Et ce qu’il y a de très bien amené dans cette histoire, c’est que pareillement à l’inondation qui va secouer le «Petit-Pays», l’accusation de harcèlement que va subir Corderey – subir, oui, car la plaignante s’avère être une menteuse – délimitera une «vie d’avant» et une «vie d’après». D’ailleurs, le long roman est divisé en trois parties, «AVANT», «PENDANT», «APRÈS». Une correspondance de plus, évidemment, avec la pandémie que nous traversons et le vocabulaire que nous avons adopté, l’air de rien, dans la vie de tous les jours. Covid, monde d’avant, monde d’après, confinement, quarantaine… Même la phrase de Macron est prophétisée, avec un personnage affirmant que lui et ses congénères sont «comme en période de guerre».
«Sa vie d’avant. Le doyen la lui présentait sur un plateau. Avec les excuses du décanat, assorties de la promesse des pleins pouvoirs pour remodeler le département, alors qu’est-ce que vous en dites? Corderey était resté silencieux. Reprenait-on sa vie comme avant un tsunami? Non, bien sûr, le doyen devait s’en douter. Il en faudrait du temps, pour rétablir sa réputation ternie. Et lui-même n’était pas certain de se retrouver tel qu’en lui-même.»

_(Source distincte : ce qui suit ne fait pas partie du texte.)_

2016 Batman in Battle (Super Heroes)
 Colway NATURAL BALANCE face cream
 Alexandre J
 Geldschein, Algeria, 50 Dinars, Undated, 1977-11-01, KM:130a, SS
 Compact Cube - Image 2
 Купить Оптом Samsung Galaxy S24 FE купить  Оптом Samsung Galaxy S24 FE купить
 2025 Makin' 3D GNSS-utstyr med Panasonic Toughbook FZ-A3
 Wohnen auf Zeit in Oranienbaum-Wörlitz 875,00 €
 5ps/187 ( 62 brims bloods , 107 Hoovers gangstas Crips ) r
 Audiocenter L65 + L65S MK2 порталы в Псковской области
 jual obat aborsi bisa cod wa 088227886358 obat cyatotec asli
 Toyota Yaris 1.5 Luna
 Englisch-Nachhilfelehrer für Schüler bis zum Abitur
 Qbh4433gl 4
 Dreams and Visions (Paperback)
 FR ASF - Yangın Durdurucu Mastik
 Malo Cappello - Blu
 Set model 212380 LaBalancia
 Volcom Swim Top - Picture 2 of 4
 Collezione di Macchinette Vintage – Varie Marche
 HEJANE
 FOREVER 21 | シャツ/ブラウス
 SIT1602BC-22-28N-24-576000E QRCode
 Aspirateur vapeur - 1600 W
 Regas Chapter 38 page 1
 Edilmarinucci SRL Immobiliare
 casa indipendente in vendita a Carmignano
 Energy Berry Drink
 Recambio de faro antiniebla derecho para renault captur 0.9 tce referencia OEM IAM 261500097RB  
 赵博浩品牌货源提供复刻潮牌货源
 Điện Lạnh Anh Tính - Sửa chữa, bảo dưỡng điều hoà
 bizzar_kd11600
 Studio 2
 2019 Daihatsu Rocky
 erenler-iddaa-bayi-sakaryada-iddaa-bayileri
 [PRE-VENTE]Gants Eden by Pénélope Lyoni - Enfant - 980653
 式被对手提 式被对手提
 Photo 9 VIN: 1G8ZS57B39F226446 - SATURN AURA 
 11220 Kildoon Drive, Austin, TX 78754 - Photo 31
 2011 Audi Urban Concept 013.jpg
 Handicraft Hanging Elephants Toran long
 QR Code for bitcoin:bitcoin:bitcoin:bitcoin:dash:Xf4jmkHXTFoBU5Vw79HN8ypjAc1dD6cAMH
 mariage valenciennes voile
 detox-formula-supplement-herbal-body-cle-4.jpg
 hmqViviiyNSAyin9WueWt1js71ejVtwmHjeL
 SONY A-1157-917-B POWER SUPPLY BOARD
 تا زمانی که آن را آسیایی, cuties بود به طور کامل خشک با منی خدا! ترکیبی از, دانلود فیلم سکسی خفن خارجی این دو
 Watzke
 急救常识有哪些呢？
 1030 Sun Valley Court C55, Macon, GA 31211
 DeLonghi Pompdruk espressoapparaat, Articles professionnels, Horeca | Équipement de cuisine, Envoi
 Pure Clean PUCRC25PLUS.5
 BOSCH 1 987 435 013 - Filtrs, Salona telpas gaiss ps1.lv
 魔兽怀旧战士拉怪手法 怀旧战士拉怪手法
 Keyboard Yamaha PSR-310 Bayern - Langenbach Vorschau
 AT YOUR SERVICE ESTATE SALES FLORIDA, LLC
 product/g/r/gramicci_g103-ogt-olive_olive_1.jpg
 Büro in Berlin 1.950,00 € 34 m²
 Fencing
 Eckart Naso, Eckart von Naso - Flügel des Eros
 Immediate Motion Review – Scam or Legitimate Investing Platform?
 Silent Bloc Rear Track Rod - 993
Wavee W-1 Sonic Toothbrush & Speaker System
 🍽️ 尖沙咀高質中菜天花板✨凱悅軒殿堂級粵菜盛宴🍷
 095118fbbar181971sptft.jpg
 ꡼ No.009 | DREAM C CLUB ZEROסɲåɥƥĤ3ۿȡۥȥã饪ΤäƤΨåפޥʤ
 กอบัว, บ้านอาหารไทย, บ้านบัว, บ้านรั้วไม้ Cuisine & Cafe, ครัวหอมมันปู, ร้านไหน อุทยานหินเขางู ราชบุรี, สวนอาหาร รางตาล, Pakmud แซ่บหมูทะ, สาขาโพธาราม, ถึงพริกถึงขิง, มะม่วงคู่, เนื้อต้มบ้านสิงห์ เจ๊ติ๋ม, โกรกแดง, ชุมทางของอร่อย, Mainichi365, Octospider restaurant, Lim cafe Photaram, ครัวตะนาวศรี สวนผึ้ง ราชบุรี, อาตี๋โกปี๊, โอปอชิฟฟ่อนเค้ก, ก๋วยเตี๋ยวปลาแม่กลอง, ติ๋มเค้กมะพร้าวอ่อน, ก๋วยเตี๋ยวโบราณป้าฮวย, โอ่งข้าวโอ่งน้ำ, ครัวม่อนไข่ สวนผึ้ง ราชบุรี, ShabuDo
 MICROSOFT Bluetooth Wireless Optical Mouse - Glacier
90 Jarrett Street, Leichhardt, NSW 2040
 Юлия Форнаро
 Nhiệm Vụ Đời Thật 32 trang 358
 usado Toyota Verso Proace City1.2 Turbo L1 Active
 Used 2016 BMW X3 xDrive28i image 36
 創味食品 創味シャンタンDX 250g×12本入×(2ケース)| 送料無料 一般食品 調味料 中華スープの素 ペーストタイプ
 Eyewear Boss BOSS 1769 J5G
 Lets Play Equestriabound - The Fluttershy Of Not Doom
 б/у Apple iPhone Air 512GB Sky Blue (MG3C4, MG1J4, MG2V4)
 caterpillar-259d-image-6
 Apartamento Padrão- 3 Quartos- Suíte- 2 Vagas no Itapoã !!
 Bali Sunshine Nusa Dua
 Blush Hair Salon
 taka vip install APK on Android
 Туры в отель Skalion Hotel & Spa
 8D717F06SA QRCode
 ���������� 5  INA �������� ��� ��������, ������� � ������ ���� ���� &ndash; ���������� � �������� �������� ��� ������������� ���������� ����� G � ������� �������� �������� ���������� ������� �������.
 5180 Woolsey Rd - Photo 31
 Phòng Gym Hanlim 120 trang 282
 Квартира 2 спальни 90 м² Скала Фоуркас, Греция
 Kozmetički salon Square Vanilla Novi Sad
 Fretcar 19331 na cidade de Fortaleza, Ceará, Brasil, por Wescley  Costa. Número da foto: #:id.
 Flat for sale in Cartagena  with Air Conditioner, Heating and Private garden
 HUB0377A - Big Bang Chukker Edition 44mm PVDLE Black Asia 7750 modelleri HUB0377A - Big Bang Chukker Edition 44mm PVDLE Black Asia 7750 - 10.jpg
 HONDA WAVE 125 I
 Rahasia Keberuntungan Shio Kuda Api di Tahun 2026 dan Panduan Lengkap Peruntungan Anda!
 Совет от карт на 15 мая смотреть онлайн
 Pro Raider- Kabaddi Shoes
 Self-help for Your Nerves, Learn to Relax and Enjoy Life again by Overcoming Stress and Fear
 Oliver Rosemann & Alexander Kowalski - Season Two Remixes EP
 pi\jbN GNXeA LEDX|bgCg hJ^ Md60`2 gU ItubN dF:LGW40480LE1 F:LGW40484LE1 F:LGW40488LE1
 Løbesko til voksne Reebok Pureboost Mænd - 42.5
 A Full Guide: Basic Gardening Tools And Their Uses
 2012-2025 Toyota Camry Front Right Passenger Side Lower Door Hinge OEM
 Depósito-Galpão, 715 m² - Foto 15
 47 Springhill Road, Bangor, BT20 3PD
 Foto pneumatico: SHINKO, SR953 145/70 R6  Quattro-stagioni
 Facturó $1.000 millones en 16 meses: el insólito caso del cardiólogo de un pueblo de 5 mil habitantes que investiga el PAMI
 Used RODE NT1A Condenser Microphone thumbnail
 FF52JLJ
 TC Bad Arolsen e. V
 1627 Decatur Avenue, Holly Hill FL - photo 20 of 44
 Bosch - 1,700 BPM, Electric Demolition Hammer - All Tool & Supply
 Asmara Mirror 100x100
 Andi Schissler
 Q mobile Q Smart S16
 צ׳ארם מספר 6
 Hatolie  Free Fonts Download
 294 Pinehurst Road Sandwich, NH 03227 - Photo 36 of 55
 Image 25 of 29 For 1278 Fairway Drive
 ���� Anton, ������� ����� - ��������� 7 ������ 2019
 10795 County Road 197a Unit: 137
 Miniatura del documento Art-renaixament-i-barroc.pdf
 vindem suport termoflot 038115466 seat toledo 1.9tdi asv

Quand on dit que la littérature raconte le monde plus que n’importe quel autre médium, eh bien là nous y sommes. Lire Déflagration convaincra toute personne qui ne serait pas encore convaincue de la puissance des romans. «La pensée ne fait pas de miracle. […] L’art va plus vite ou plus profond. Il ne donne à penser qu’en donnant à ressentir, à aimer, à admirer», écrit André Comte-Sponville dans L’inconsolable et autres impromptus, dans le chapitre sur Beethoven. En d’autres termes, l’art anticipe sur la pensée. Serge Bimpage, c’est officiel, a eu l’intuition du grand événement des années deux mille vingt, voire du XXIe siècle.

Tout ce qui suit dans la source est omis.